Tetbury in 1779 and 1820
A description of Tetbury two hundred years ago, taken from Gloucestershire Notes and Queries, Volume 5, Edited by W.P.W. Phillimore, M.A., B.C.L., and first published in 1894. The article was itself based on a yet earlier book.
Here is a picture of old Tetbury and the neighbourhood as it existed more than a hundred years ago. I am indebted for it to a friend who extracted it from an old book entitled the "Modern Universal British Traveller", published in 1779; "Tetbury is a tolerable good town, pleasantly situated on a rising ground. The houses in general are neat and handsome, but there is a great scarcity of water, the inhabitants being obliged to fetch it from wells and brooks at a considerable distance. The market house is in a good situation, and great quantities of yarn are sold at it weekly by the poor people, who, in return, take wool and such necessaries as they are in want of. The church is a venerable Gothic structure, and in it are several handsome monuments.

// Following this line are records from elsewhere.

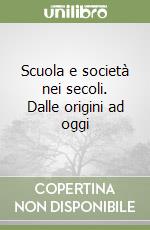 Scuola e società nei secoli. Dalle origini ad oggi libro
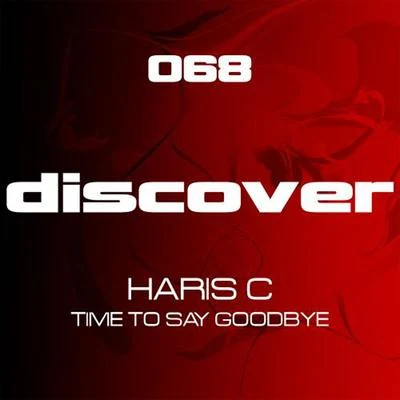 Haris C/Hidden Tigress/Joulez/Fade/Aylin/Maratone/Andy Jornee/Derek Palmer/Dalmoori/Haikal AhmadTime To Say Goodbye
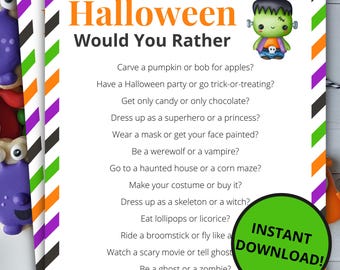 May include: A Halloween Would You Rather game card featuring a striped border in orange, purple, green, and black. The text includes a list of questions and a cartoon Frankenstein character. A green circle stamp reads Instant Download.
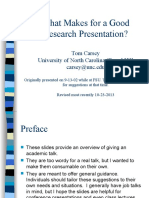 What Makes For A Good Research Presentation?: Tom Carsey University of North Carolina Chapel Hill Carsey@unc - Edu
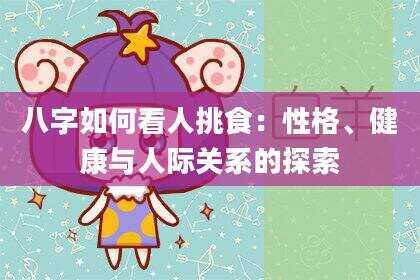 八字如何看人挑食：性格、健康与人际关系的探索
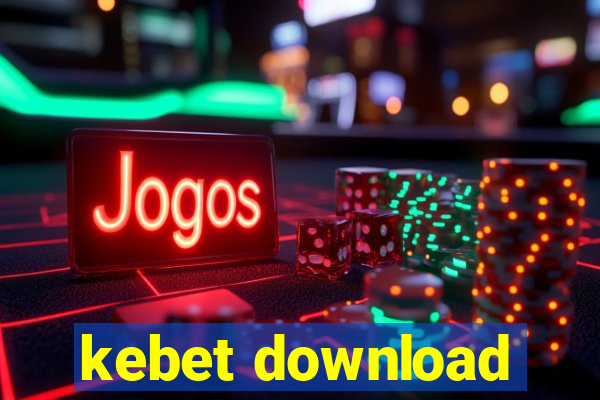 kebet download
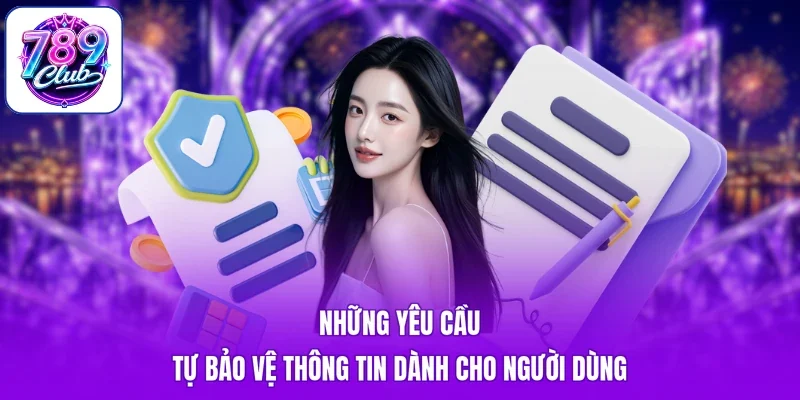Những yêu cầu tự bảo vệ thông tin dành cho người dùng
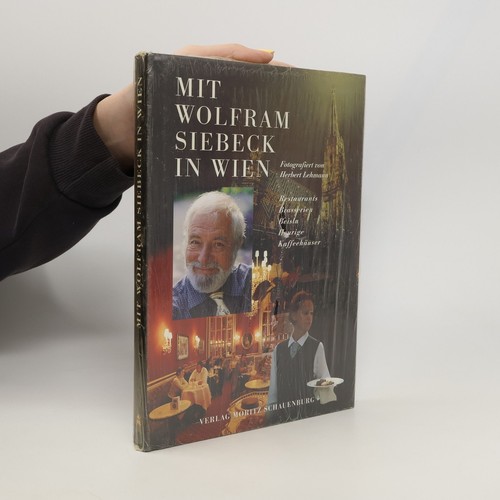 Mit wolfram siebeck - in, wien 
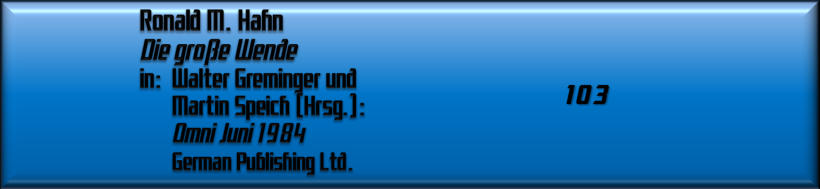 Ronald M. Hahn, Die große Wende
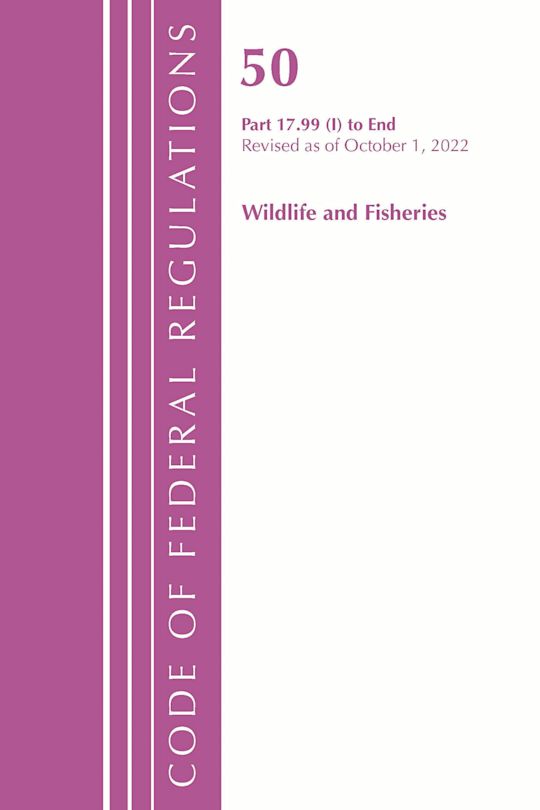 Code of Federal Regulations, Title 50 Wildlife and Fisheries 17.99(i)-End, Revised as of October 1, 2022 cover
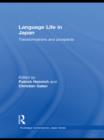 Language Life in Japan : Transformations and Prospects - eBook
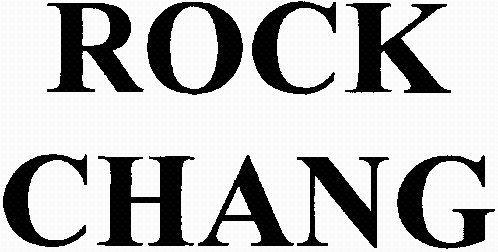 ROCK CHANG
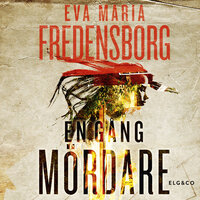 En gång mördare - Eva Maria Fredensborg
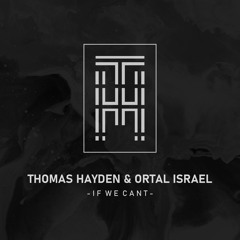 EDM | Thomas Hayden & Ortal Israel - If We Can't *FREE DOWNLOAD*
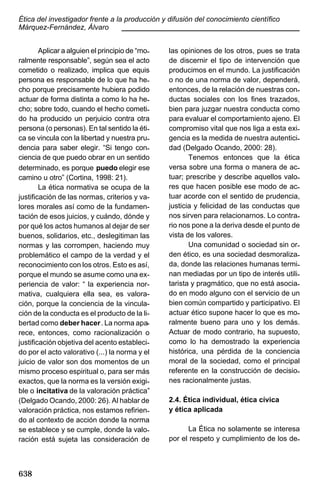 Ética del investigador frente a la producción y difusión del conocimiento científico
Márquez-Fernández, Álvaro
____________________________________________
Aplicar a alguien el principio de “moralmente responsable”, según sea el acto
cometido o realizado, implica que equis
persona es responsable de lo que ha hecho porque precisamente hubiera podido
actuar de forma distinta a como lo ha hecho; sobre todo, cuando el hecho cometido ha producido un perjuicio contra otra
persona (o personas). En tal sentido la ética se vincula con la libertad y nuestra prudencia para saber elegir. “Si tengo conciencia de que puedo obrar en un sentido
determinado, es porque puedo elegir ese
camino u otro” (Cortina, 1998: 21).
La ética normativa se ocupa de la
justificación de las normas, criterios y valores morales así como de la fundamentación de esos juicios, y cuándo, dónde y
por qué los actos humanos al dejar de ser
buenos, solidarios, etc., deslegitiman las
normas y las corrompen, haciendo muy
problemático el campo de la verdad y el
reconocimiento con los otros. Esto es así,
porque el mundo se asume como una experiencia de valor: “ la experiencia normativa, cualquiera ella sea, es valoración, porque la conciencia de la vinculación de la conducta es el producto de la libertad como deber hacer. La norma aparece, entonces, como racionalización o
justificación objetiva del acento establecido por el acto valorativo (...) la norma y el
juicio de valor son dos momentos de un
mismo proceso espiritual o, para ser más
exactos, que la norma es la versión exigible o incitativa de la valoración práctica”
(Delgado Ocando, 2000: 26). Al hablar de
valoración práctica, nos estamos refiriendo al contexto de acción donde la norma
se establece y se cumple, donde la valoración está sujeta las consideración de

638

las opiniones de los otros, pues se trata
de discernir el tipo de intervención que
producimos en el mundo. La justificación
o no de una norma de valor, dependerá,
entonces, de la relación de nuestras conductas sociales con los fines trazados,
bien para juzgar nuestra conducta como
para evaluar el comportamiento ajeno. El
compromiso vital que nos liga a esta exigencia es la medida de nuestra autenticidad (Delgado Ocando, 2000: 28).
Tenemos entonces que la ética
versa sobre una forma o manera de actuar; prescribe y describe aquellos valores que hacen posible ese modo de actuar acorde con el sentido de prudencia,
justicia y felicidad de las conductas que
nos sirven para relacionarnos. Lo contrario nos pone a la deriva desde el punto de
vista de los valores.
Una comunidad o sociedad sin orden ético, es una sociedad desmoralizada, donde las relaciones humanas terminan mediadas por un tipo de interés utilitarista y pragmático, que no está asociado en modo alguno con el servicio de un
bien común compartido y participativo. El
actuar ético supone hacer lo que es moralmente bueno para uno y los demás.
Actuar de modo contrario, ha supuesto,
como lo ha demostrado la experiencia
histórica, una pérdida de la conciencia
moral de la sociedad, como el principal
referente en la construcción de decisiones racionalmente justas.
2.4. Ética individual, ética cívica
y ética aplicada
La Ética no solamente se interesa
por el respeto y cumplimiento de los de-

 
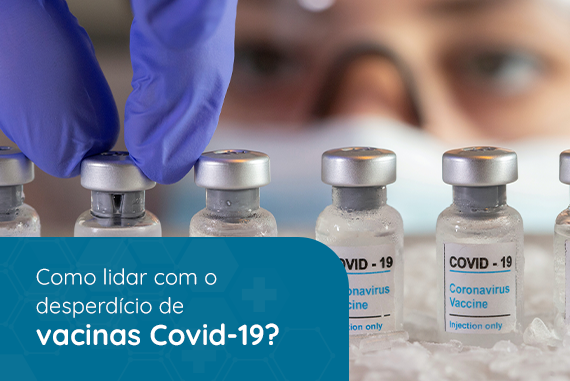 Como-lidar-com-o-desperdicio-de-vacinas-Covid-19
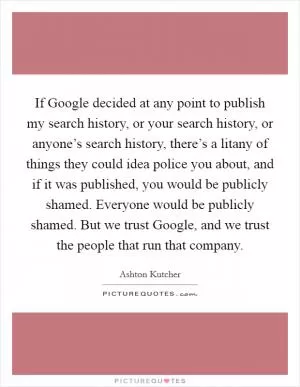 If Google decided at any point to publish my search history, or your search history, or anyone’s search history, there’s a litany of things they could idea police you about, and if it was published, you would be publicly shamed. Everyone would be publicly shamed. But we trust Google, and we trust the people that run that company Picture Quote #1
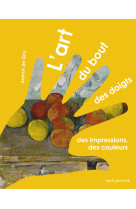 ART DU BOUT DES DOIGTS. DES IMPRESSIONS, DE S COULEURS (L-) - Annick de Giry - SEUIL JEUNESSE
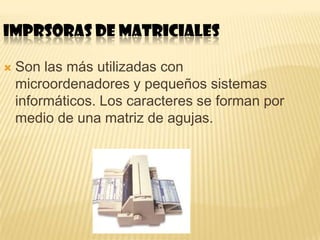 IMPRSORAS DE MATRICIALES

   Son las más utilizadas con
    microordenadores y pequeños sistemas
    informáticos. Los caracteres se forman por
    medio de una matriz de agujas.
 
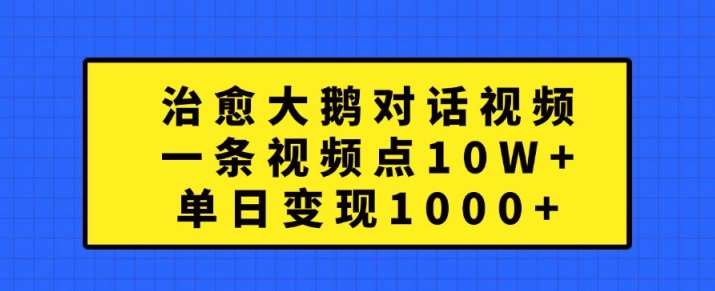治愈大鹅对话视频，一条视频点赞 10W+，单日变现1k+【揭秘】-问小徐资源库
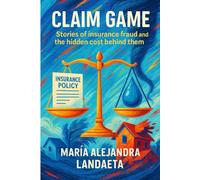 Claim Game: Stories of Insurance Fraud and the Hidden Cost Behind Them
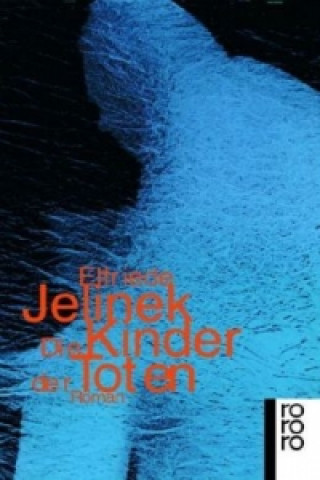 Book Die Kinder der Toten Elfriede Jelinek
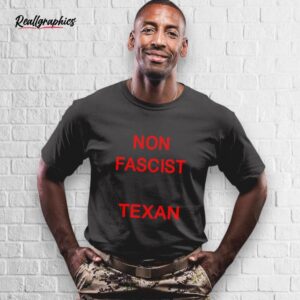 non fascist texan shirt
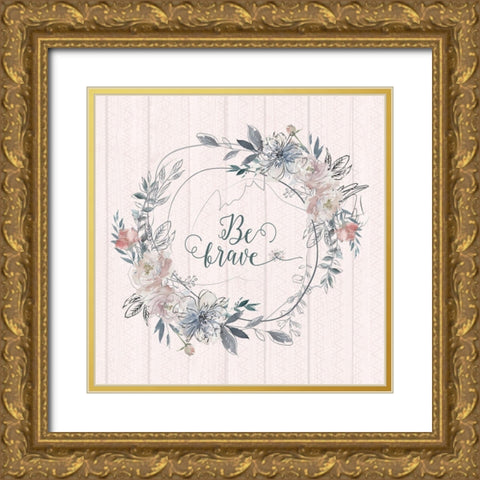 Be Brave Gold Ornate Wood Framed Art Print with Double Matting by Moss, Tara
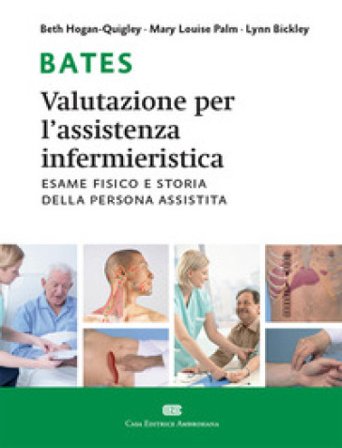 Bates. Valutazione per l'assistenza infermieristica. Esame fisico e storia della persona assistita. Con Contenuto digitale (fornito elettronicamente) 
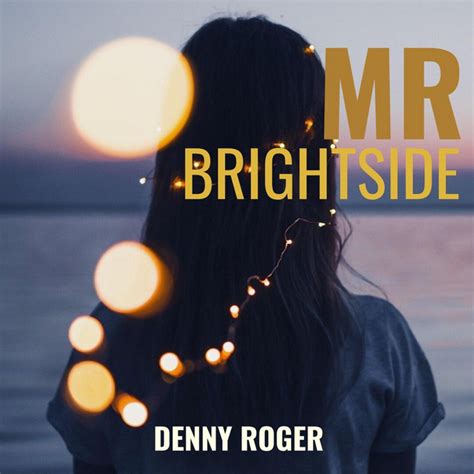 Mr Brightside Single By Denny Roger Spotify
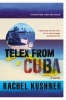 Telex from Cuba (Paperback) - Rachel Kushner Photo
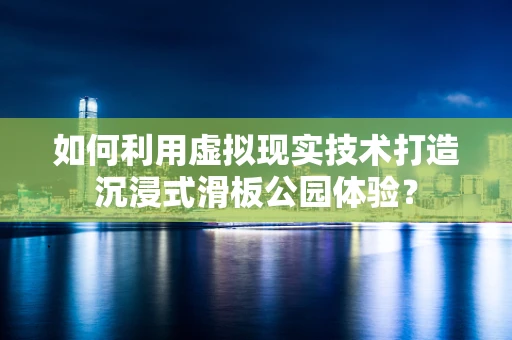 如何利用虚拟现实技术打造沉浸式滑板公园体验？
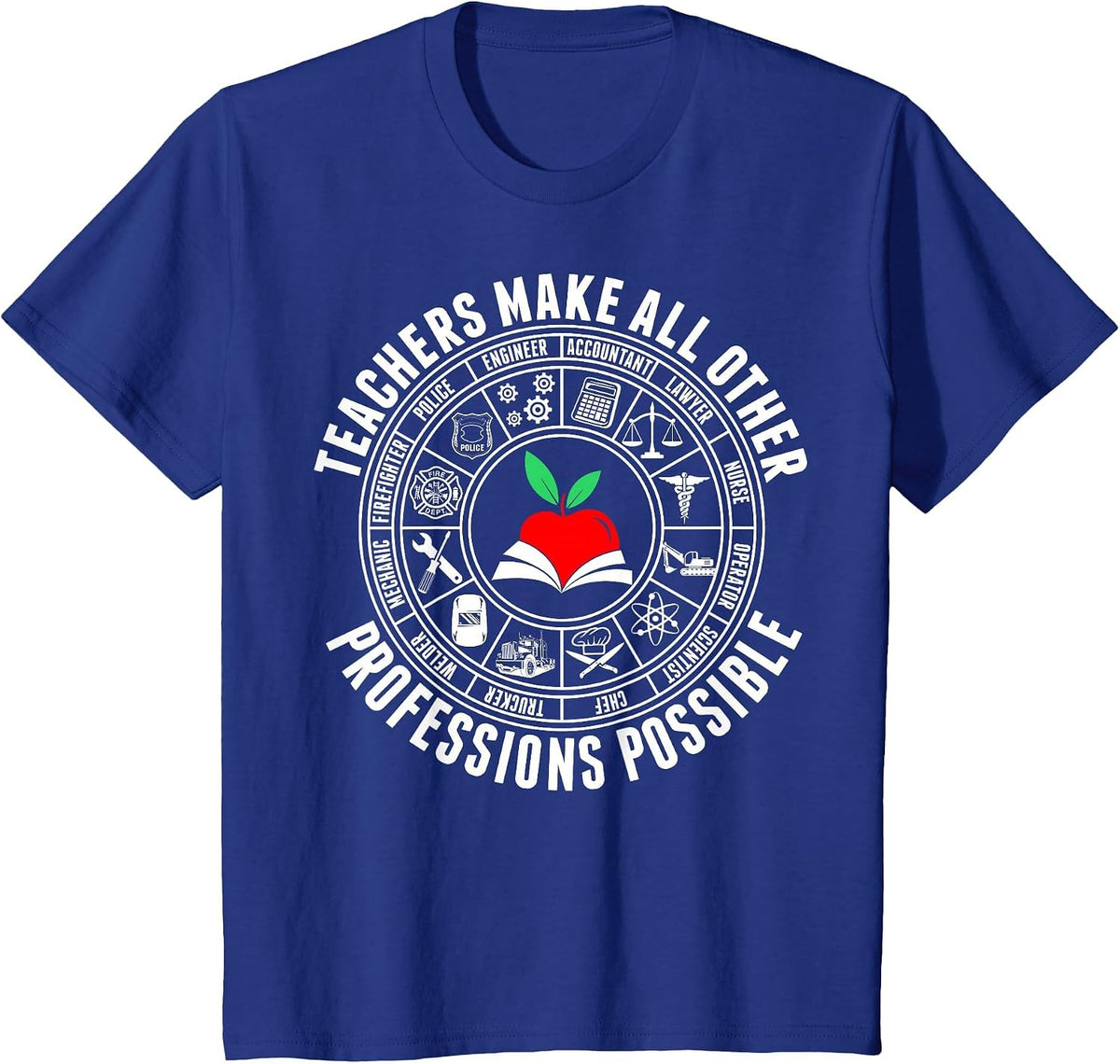 Teachers Make All Other Professions Possible Tshirt T-Shirt - Royal Blue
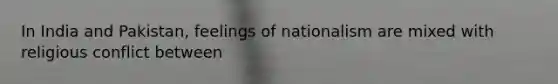 In India and Pakistan, feelings of nationalism are mixed with religious conflict between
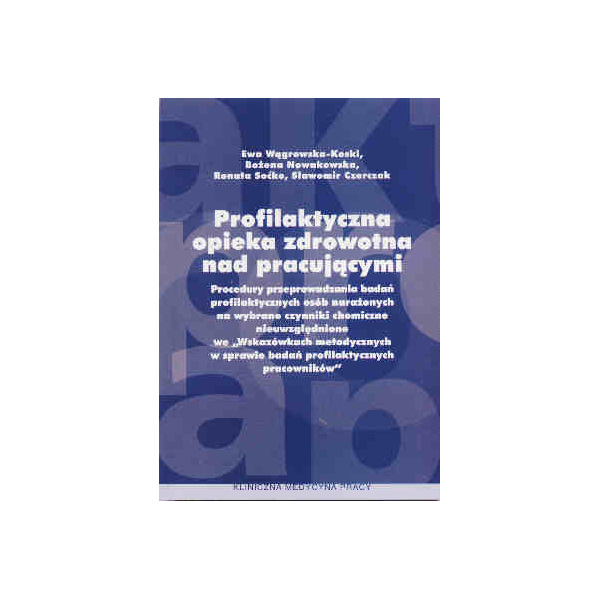 Profilaktyczna opieka zdrowotna nad pracującymi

Here is a free school, and an almshouse for eight people; and at the end of the town is a very high bridge of considerable length, half of which is in Wiltshire. The government of this town is vested in a bailiff, who is chosen annually, and assisted by some of the principal inhabitants. The weekly market is on Wednesday; and the town is distant from London 99 miles. Near Tetbury are the remains of Beverston Castle, formerly called Bureston, from the number of blue stones found near it. A little to the north of Malmesbury is another village, called Newton or Long Newton. It is pleasantly situated, and commands an advantageous prospect of Malmesbury church, as also of Charleton House and park, where the Earls of Berkshire had a seat before the civil wars, when it was demolished by the soldiers. At the upper end of the village was the seat of Sir Giles Estcourt, lord of the manor.
It is said that this village was built instead of one that stood near it a little higher in the fields; and this is confirmed by the foundation of houses being frequently discovered by the plough. The old ones being destroyed by fire, the inhabitants rebuilt it on the present spot, from whence it received the name of Newton or New Town.- Tetbury Advertiser for March 1889.
The town consists principally of four streets, which meet at the centre. In the year 1770 the old church was undermined by a flood, which occasioned the roof to fall, and in other respects did so much damage, that it was rebuilt at an expense of £6,000. The new building was opened for public worship October 7, 1781, and is a very handsome structure .... The inhabitants of this town are principally engaged in the woollen manufactory and sale of yarn, which is sold on the market-day in the market-house, in the middle of the town; whereas cheese, bacon, and other commodities are sold in great quantities at a smaller market-house.
The parish is ten miles in circumference, nearly the whole of which is the property of the inhabitants. The Avon rises in it, which runs through Bath and Bristol into the Severn, and at the end of the town is a long high bridge, half of which is in Wiltshire. The public revenue is managed by a bailiff, chosen every year. North of the town is a petrifying spring, which encrusts pieces of wood and stone with a strong stony substance. The annual races are run upon a large common about one mile eastward of the town, and are much frequented by the neighbouring gentry. The weekly market is on Monday. --- The Topographical and Statistical Description of the County of Gloucester.